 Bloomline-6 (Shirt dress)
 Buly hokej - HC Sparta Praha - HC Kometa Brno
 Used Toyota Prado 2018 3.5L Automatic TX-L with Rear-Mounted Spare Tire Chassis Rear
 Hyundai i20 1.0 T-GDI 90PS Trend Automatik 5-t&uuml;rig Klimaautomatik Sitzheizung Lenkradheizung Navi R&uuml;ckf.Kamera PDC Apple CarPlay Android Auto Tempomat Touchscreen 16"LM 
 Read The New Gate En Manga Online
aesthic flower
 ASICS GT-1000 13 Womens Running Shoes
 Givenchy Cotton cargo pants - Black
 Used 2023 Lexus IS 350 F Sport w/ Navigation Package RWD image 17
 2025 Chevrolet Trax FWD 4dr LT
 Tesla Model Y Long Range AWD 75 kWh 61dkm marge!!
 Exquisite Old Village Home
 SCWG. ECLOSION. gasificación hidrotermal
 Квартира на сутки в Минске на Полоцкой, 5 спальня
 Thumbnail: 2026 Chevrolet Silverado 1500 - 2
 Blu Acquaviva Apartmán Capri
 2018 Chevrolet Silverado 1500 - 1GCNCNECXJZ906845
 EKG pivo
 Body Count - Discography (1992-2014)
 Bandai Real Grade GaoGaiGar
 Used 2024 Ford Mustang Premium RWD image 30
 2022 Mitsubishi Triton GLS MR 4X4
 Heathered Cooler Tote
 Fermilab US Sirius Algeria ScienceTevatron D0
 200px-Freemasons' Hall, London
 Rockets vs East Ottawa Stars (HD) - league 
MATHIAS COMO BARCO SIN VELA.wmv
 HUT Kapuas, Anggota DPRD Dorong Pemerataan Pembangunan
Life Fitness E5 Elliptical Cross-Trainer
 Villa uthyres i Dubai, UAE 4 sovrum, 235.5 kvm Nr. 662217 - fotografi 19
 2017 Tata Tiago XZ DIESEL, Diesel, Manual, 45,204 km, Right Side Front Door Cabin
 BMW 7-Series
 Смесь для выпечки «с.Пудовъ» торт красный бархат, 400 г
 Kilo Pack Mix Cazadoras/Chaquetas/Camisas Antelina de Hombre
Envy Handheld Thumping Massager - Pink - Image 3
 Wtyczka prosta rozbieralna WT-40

▸ PROBLEM DETAILS
The required output is every line above from the one with "Tesla Model Y" down to the one with "Смесь для выпечки", restated word for word, ends included.

▸ EXERCISE SOLUTION
 Tesla Model Y Long Range AWD 75 kWh 61dkm marge!!
 Exquisite Old Village Home
 SCWG. ECLOSION. gasificación hidrotermal
 Квартира на сутки в Минске на Полоцкой, 5 спальня
 Thumbnail: 2026 Chevrolet Silverado 1500 - 2
 Blu Acquaviva Apartmán Capri
 2018 Chevrolet Silverado 1500 - 1GCNCNECXJZ906845
 EKG pivo
 Body Count - Discography (1992-2014)
 Bandai Real Grade GaoGaiGar
 Used 2024 Ford Mustang Premium RWD image 30
 2022 Mitsubishi Triton GLS MR 4X4
 Heathered Cooler Tote
 Fermilab US Sirius Algeria ScienceTevatron D0
 200px-Freemasons' Hall, London
 Rockets vs East Ottawa Stars (HD) - league 
MATHIAS COMO BARCO SIN VELA.wmv
 HUT Kapuas, Anggota DPRD Dorong Pemerataan Pembangunan
Life Fitness E5 Elliptical Cross-Trainer
 Villa uthyres i Dubai, UAE 4 sovrum, 235.5 kvm Nr. 662217 - fotografi 19
 2017 Tata Tiago XZ DIESEL, Diesel, Manual, 45,204 km, Right Side Front Door Cabin
 BMW 7-Series
 Смесь для выпечки «с.Пудовъ» торт красный бархат, 400 г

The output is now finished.